**What to do**:
Using the data below, reproduce exactly the lines from the line with "ঢাকা কলেজে শিক্ষক-শিক্ষার্থী" to the line with "Vaca Muerta: Fuego, Millones", both included; pictures must be dropped.

**Exercise data**:
========
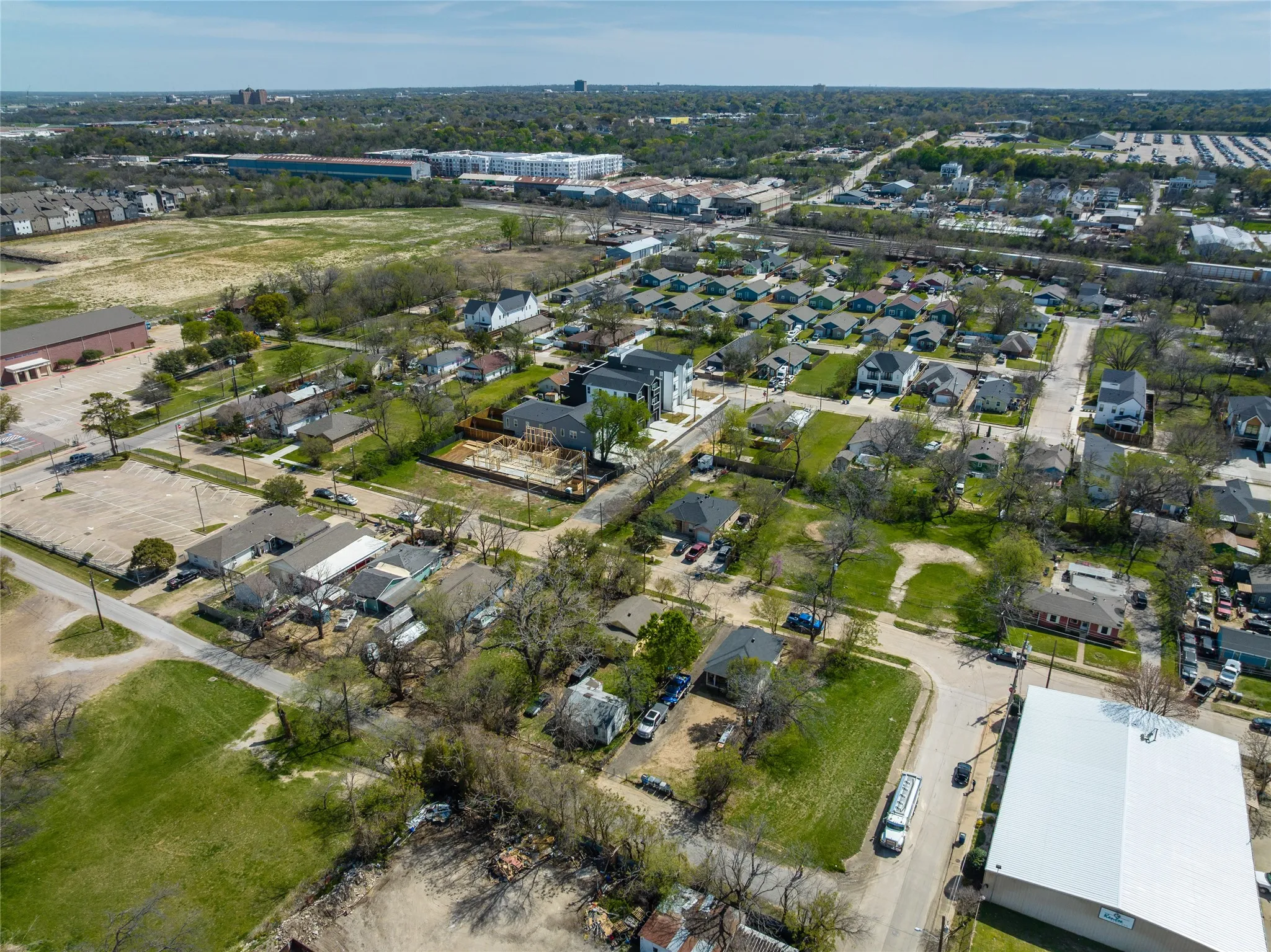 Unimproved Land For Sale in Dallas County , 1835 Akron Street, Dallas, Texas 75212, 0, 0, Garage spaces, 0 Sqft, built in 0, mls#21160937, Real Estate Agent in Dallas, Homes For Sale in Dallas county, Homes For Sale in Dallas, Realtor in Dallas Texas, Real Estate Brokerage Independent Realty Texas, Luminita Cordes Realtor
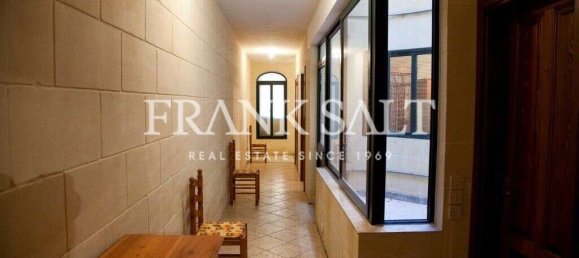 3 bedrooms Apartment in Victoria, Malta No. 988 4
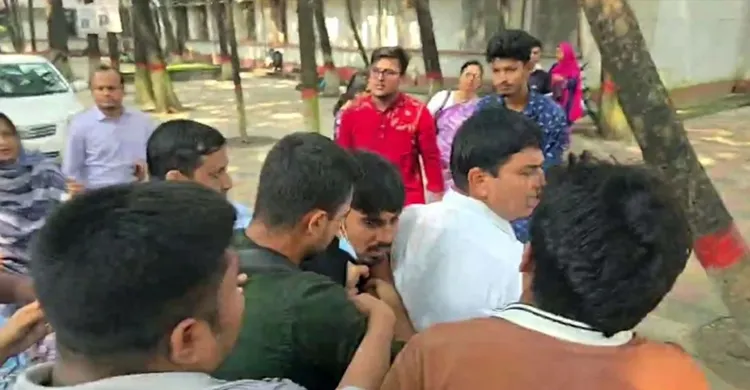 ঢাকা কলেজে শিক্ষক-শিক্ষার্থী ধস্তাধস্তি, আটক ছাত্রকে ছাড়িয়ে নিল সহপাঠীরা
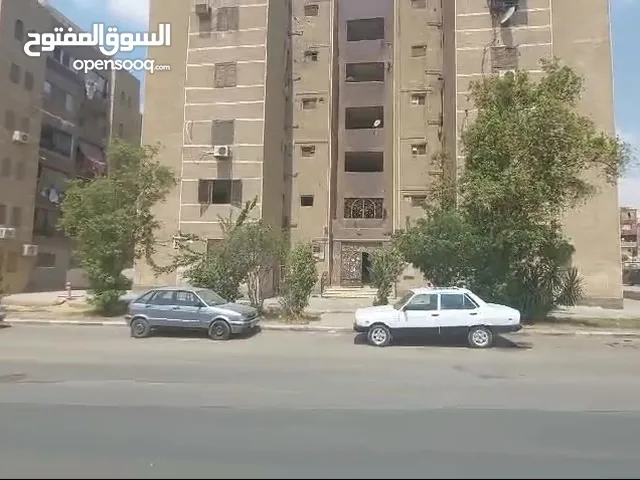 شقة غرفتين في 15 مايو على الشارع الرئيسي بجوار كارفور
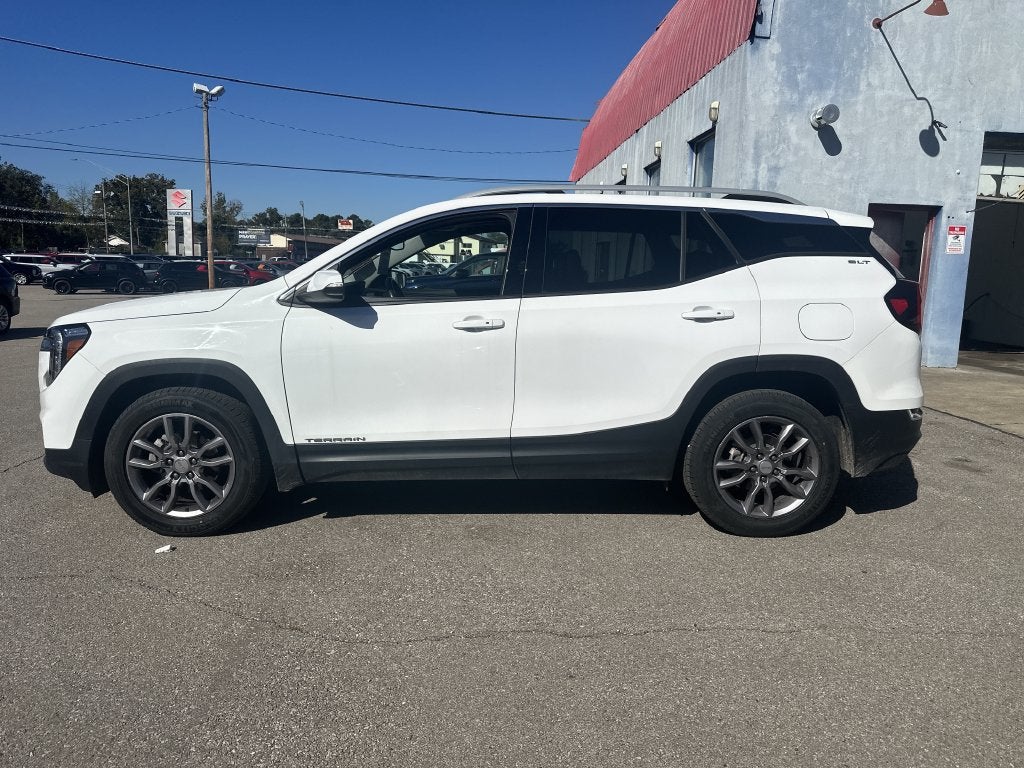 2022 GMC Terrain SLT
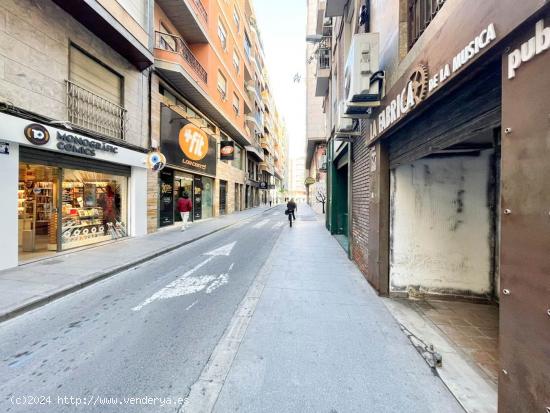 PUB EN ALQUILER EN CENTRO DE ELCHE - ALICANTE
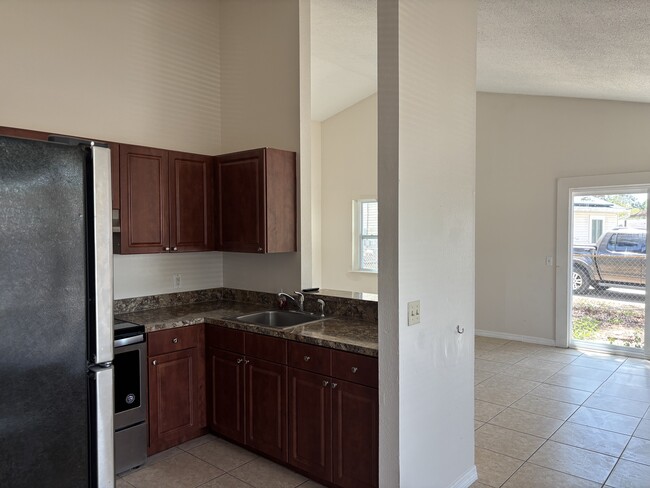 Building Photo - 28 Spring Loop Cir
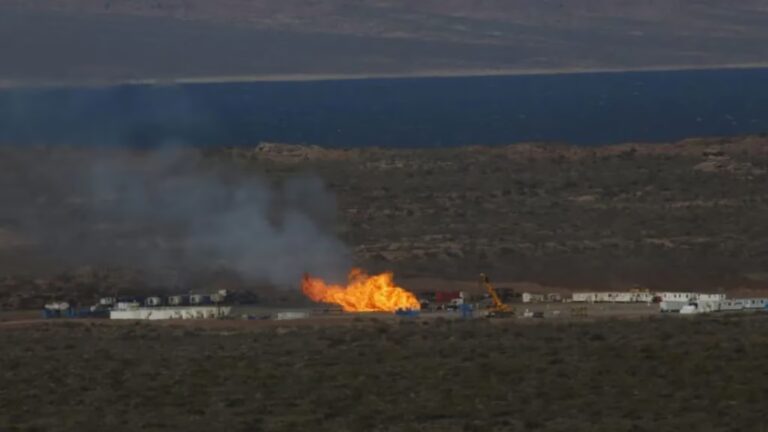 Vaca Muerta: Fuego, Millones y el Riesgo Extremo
========
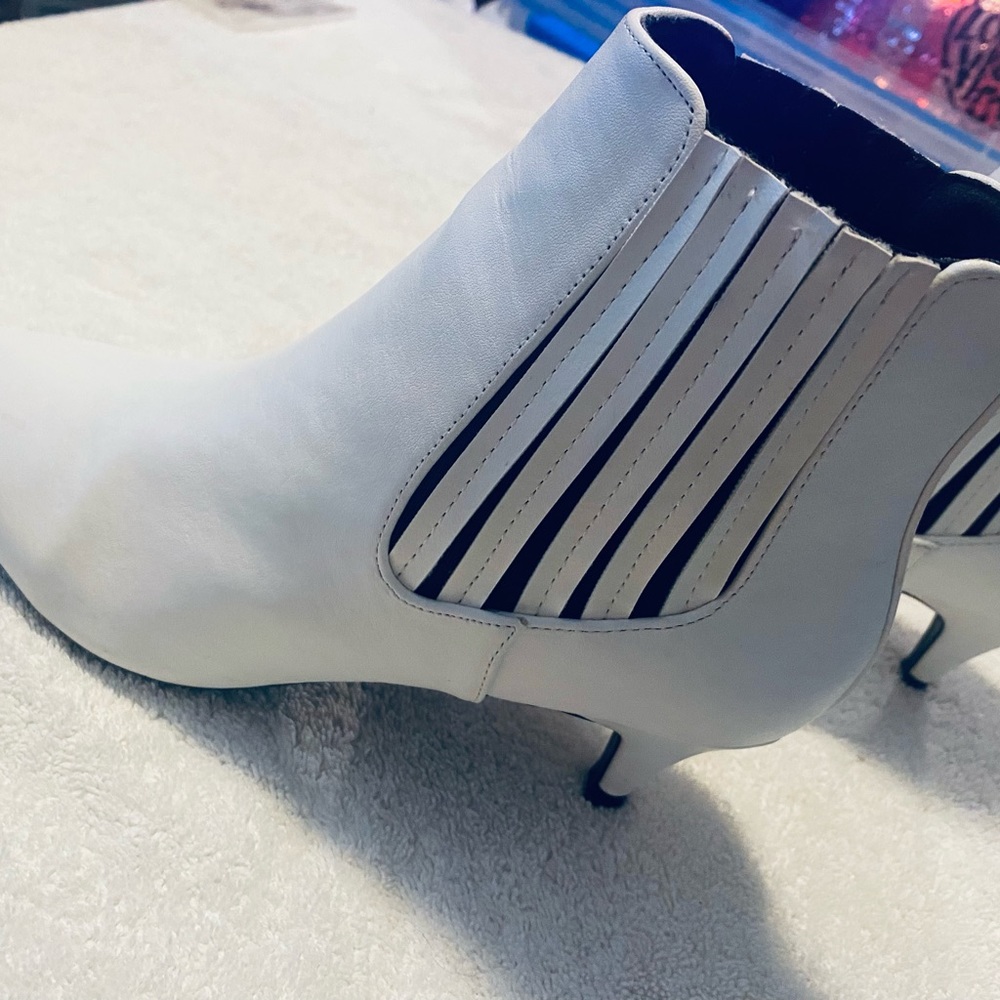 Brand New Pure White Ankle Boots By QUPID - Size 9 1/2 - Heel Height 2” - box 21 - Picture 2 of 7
========
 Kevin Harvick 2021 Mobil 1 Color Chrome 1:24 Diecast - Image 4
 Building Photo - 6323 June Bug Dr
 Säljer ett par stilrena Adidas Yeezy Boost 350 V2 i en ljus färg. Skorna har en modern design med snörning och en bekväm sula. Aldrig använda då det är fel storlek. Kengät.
========
**Your solution**:
 ঢাকা কলেজে শিক্ষক-শিক্ষার্থী ধস্তাধস্তি, আটক ছাত্রকে ছাড়িয়ে নিল সহপাঠীরা
 شقة غرفتين في 15 مايو على الشارع الرئيسي بجوار كارفور
 2022 GMC Terrain SLT
 PUB EN ALQUILER EN CENTRO DE ELCHE - ALICANTE
 Building Photo - 28 Spring Loop Cir
 Vaca Muerta: Fuego, Millones y el Riesgo Extremo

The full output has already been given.